Replies are listed 'Best First'.
Re^2: String contents
by perlyr (Novice) on Jun 29, 2012 at 08:56 UTC
    Sorry about my earlier posts. Here is the regex in a nice format:
    /^\s*(\w+),\s*(\w+ \w+)(.+?\s*LLP)/m;
    my question now is: why did I extract "New" instead of "New York"? Any suggestions?

      My suggestion is to post in one node the sample text, and the regular expression that is failing to match where you expect it to. Post them well formatted, using the tips found in Writeup Formatting Tips, and be sure that you're posting actual full copy and pastes of the text and code that fail.

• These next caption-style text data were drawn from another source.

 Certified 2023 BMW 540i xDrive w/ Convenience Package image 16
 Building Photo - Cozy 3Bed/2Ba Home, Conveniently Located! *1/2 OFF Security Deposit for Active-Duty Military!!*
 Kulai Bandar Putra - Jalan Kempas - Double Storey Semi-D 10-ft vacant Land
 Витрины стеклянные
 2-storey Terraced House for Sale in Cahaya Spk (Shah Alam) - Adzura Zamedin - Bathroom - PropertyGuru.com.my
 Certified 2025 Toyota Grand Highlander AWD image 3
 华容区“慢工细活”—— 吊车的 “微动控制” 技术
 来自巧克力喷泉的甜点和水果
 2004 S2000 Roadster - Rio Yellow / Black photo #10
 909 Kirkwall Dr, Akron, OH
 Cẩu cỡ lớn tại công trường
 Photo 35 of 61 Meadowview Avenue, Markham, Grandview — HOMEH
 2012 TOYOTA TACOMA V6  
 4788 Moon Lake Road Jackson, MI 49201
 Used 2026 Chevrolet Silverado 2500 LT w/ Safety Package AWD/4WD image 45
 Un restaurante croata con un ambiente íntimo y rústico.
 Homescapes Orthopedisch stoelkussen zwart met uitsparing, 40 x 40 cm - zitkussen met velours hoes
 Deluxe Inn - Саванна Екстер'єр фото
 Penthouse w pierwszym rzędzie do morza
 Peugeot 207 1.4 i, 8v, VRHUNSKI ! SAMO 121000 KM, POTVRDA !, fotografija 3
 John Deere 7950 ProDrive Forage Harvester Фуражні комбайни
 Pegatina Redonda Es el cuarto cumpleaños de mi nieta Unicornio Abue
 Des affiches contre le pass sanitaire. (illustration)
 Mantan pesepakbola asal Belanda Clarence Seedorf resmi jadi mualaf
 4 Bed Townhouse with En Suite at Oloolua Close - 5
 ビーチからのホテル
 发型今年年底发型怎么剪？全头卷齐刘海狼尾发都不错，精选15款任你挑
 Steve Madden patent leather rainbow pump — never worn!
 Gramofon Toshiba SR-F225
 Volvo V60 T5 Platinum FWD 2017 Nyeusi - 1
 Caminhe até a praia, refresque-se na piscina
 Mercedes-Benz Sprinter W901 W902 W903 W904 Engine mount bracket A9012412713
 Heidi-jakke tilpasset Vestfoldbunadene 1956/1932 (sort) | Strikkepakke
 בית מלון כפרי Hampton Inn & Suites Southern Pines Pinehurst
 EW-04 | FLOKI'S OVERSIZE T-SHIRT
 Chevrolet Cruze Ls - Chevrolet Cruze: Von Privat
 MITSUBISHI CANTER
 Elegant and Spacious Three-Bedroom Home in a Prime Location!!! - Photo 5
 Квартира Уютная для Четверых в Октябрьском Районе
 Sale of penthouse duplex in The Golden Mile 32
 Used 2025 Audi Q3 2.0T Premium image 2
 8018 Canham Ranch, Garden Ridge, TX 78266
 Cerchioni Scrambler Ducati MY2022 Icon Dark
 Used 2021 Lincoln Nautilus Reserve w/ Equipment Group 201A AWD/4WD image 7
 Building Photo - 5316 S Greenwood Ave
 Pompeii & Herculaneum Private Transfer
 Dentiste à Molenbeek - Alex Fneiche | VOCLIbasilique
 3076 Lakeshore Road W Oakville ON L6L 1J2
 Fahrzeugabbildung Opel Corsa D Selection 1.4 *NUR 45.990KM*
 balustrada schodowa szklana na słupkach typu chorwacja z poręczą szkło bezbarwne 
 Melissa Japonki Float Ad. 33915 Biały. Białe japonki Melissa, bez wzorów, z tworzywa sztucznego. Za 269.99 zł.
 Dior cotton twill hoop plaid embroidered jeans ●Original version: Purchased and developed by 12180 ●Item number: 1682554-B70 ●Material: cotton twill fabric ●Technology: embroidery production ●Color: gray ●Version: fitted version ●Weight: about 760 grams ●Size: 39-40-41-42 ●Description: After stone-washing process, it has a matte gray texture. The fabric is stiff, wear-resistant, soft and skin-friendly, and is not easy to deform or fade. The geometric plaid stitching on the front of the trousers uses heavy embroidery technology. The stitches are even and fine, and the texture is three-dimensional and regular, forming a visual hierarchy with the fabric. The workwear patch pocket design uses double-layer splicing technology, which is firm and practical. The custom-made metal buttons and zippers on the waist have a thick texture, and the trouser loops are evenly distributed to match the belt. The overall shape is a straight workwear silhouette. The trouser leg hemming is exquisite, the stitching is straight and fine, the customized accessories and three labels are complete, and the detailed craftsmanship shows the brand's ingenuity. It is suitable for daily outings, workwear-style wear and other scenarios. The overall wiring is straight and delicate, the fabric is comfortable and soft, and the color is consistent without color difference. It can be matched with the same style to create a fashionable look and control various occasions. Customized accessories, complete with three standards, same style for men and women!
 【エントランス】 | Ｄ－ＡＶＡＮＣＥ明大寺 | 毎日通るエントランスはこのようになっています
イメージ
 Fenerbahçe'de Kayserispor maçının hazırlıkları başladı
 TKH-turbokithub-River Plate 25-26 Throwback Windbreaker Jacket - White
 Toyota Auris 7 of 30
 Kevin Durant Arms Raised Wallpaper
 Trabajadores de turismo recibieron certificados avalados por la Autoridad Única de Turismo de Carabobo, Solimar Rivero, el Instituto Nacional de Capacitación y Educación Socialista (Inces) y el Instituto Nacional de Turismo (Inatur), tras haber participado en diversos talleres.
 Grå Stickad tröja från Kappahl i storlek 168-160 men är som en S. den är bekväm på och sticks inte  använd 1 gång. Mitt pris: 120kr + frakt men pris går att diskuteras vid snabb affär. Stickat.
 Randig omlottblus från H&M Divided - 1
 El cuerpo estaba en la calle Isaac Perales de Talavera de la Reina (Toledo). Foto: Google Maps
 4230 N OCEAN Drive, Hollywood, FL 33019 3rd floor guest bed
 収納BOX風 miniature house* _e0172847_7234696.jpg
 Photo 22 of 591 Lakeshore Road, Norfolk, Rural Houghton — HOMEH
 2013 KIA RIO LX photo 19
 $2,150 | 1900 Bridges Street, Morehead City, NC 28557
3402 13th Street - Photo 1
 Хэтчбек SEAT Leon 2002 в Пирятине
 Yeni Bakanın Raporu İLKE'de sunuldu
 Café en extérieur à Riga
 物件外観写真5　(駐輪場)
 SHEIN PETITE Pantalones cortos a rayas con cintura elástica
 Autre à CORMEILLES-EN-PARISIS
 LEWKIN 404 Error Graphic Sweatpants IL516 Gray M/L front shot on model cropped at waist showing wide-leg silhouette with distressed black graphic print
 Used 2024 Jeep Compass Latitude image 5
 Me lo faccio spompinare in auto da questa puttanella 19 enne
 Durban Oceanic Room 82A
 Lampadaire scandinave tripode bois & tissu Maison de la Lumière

      When I test the text you provided, and the regexp you provided in the preceding node, I got the following results:

      Capture variables:

      • Digit Captures
        • $1 => Melville
        • $2 => New York
        • $3 =>                             /s/KPMG LLP
      • ${^PREMATCH}  => ended June 30, 2001 in conformity with accounting principles generally accepted
        in the United States of America. Also in our opinion, the related financial
        statement schedule, when considered in relation to the basic consolidated
        financial statements taken as a whole, presents fairly, in all material
        respects, the information set forth therein.
        
      • ${^MATCH}     => 
        Melville, New York                            /s/KPMG LLP
      • ${^POSTMATCH} => 
        September 26, 2001
        STR
      • $^N           =>                             /s/KPMG LLP
      • @- => (352,354,364,372)
      • @+ => (411,362,372,411)

      The text I used was exactly this:

      ended June 30, 2001 in conformity with accounting principles generally + accepted in the United States of America. Also in our opinion, the related fina +ncial statement schedule, when considered in relation to the basic consolida +ted financial statements taken as a whole, presents fairly, in all materia +l respects, the information set forth therein. Melville, New York /s/KPMG LLP September 26, 2001 STR

      And the regexp I used was exactly this:

      /^\s*(\w+),\s*(\w+ \w+)(.+?\s*LLP)/m

      Try it yourself with my regexp tester, here: Perl Regex Tester


      Dave

        Sorry, first time here. Still trying to find my way around. Yes, that code works now, but when I was trying to generalize it, I failed. Here is the new code:
        /^\s*(\w+|\w+ \w+|\w+ \w+ \w+),\s*(\w+|\w+ \w+|\w+ \w+ \w+)\s*(.+?\s*L +LP)/m
        I have to modify it, because sometimes, the state could be "District of Columbia" or "Virginia"